GNOMO Vision Statement Poll

Greg Greenwood engineered a fantastic guiding Mission Statement for us, and presented it at the RMBL meeting:

Teams of researchers, covering the range of pertinent disciplines, work together in a finite number of sites representative of the diversity of mountain regions around the world to develop their understanding of the current structure and function as well as the longer-term evolution, of mountain social-ecological systems using protocols that support comparative analysis, at a detail sufficient to support forecasts of likely outcome, given sufficiently defined boundary conditions, and in ways that engage a wide range of actors and contribute significantly to public and private decision-making.

Now we need a short, visionary statement that is easy to communicate and remember, that conveys the change GNOMO wants to make in the world, and creates emotion.

Here’s a poll with the candidates submitted. Please vote for the most effective one, or send us a comment if you have a better idea.

Thanks!

Which concise statement best defines the visionary goal of GNOMO?

“The health of the mountains for the wealth of the plains”
“Mountains managed sustainably through knowledge and affection”
“Harmony between humans and their mountain environment”
“Mountains matter to society and society secures their future through research and conservation”
“Spurring action on behalf of mountains”
“Raising mountains to their rightful place in national life”

Poll Maker

7 Responses

  1. I’m not sure I’d vote for any of these, I think we’d be better off without a vision statement or tagline than with these, sorry. We use the word “observation”, which is rooted in an etymology that is both purely descriptive (“to look at”) and, if we trace the etymology back far enough, also somewhat normative (“to attend to”). A vision statement/tagline could build off that notion of attend – “Attending to Mountains”, as an example – which invites the various descriptive sciences (both biophysical and social), and the more normative elements (here something like “caring for them” or “acting on behalf of them”) of the arts and humanities as well.

    • Faerthen says:

      Hm. I like the direction of “Attending to Mountains”, but it isn’t a vision of change. What is the change that GNOMO exists to effect?

  2. Eric Kelsey says:

    I like the third or first vision statement; I would just add a verb at the beginning to make it sound more dynamic and active. For example, I suggest:
    “Ensuring harmony between humans and their mountain environments.”
    or
    “Ensuring the health of the mountains for the weather of the plains.”

  3. Adrian Harpold says:

    Also, not a big fan of these statements. We are not providing affection nor harmony and we are certainly not raising mountains. Why not something more along the lines of what we are actually doing:
    “Comparing mountain observations to improve outcomes for human and natural systems”

  4. Courtney Flint says:

    I’m not sure these options fit with the observatory goals and agree with the “normative” problem raised above.

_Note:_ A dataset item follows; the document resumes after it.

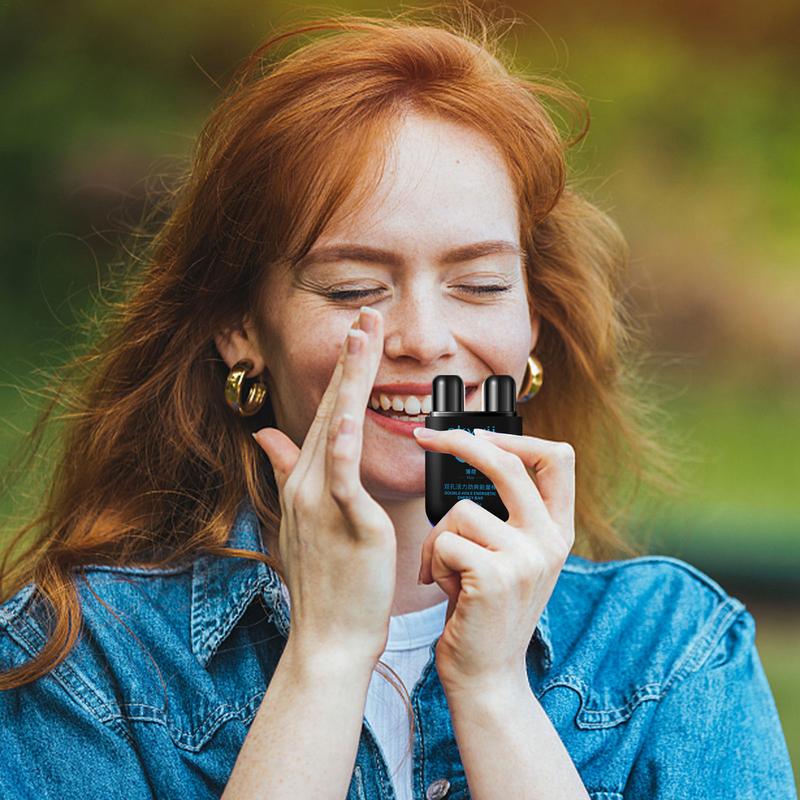 Мята/лимон Энергетическая палочка с двумя отверстиями Энергетический батончик Ароматерапевтический назальный ингалятор Энергетическая паровая палочка Ароматерапевтическая палочка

Perhaps something like:

    Integrating Knowledge for Global Mountain Understanding and Sustainability

  5. Uwe Boerst says:

    Hi all,

    First of all, I like Greg’s mission statement as it includes the entire (wide) range of imaginable activities within GNOMO. However I suggest to replace the phrase ‘ …forecasts of likely outcome,…’ by ‘likely future scenarios,…’ (or something similar), as especially the interaction between humans in mountain ecosystems is not predictable at all due to its probabilistical nature.
    Concerning the vision statements I don’t want to be destructive at all but I agree with Thomas’ comment that none of the suggested vision statements hit the point for me. That has two reasons and I try to make it as clear as possible (in my broken English):
    1. Most or all of the statements have a very normative character and likely fall in the trap of a ‘naturalistic fallacy’ (I hope, this is the correct English term—). Nature is not good or bad, and desired conditions in the mountains for the future can’t be derived logically from nature or current conditions. There are no ‘healthy’ or ‘unhealthy’ mountains or mountain ecosystems (statement one); at most one could address that to living circumstances. Sustainability (statement 2) is still a highly controversially discussed topic and even after more than 20 years of research no one really knows, what it is (is it conserving the present conditions, is it returning back to nature or is it a kind of development – as part of human ambition – that allows transformation to different socio-ecological ecosystems in time?). I don’t know what ‘harmony’ between mountains (a thing) and humans could mean. Is it that someone living in a mountain area has to be in peace with a landslide running over his house as it is part of the mountain nature to produce natural disaster (disaster only for people, not for nature)? We cannot act ‘on behalf of mountains’ (statement 5), as mountains don’t have a will and can’t communicate with us. Every single act we do is driven by a human perspective and not on behalf of nature. I also wonder if there is any ‘rightful place of mountains in the national life’ and if so, what are the legal consequences and who defines them.
    2. All statement suggestions focus on mountains and their preferable future character/role. That is understandable as the term ‘mountain’ seems to be the mayor link between all the different scientific approaches we experienced in Gothic and we are all ambitious working on a better understanding on mountain ecosystems, its interaction with humans and a better management. However, what exactly the best for the future is might be different for all of us and might also change in time. Consequently a vision with a desired future of the research object (in our case ‘mountains’) is either extremely normative and might to be adapted due to progress in research frequently or it is so vague (statement 4), that at least for me it’s not a clear vision that motivates me to work hard to reach a certain goal over years.
    Being more constructive I would suggest, that the vision of GNOMO should focus much more on us – the researches! GNOMO shall be a network for people working in high mountain areas making sure, that their researches are more focused, connected, comparable, efficient, visible, etcetera.
    So what do you think about something like:
    ’GNOMO wants to become the leading knowledge and action hub for integrated high mountain research in the world’
    Please – native speakers – feel free to find nicer words and phrases.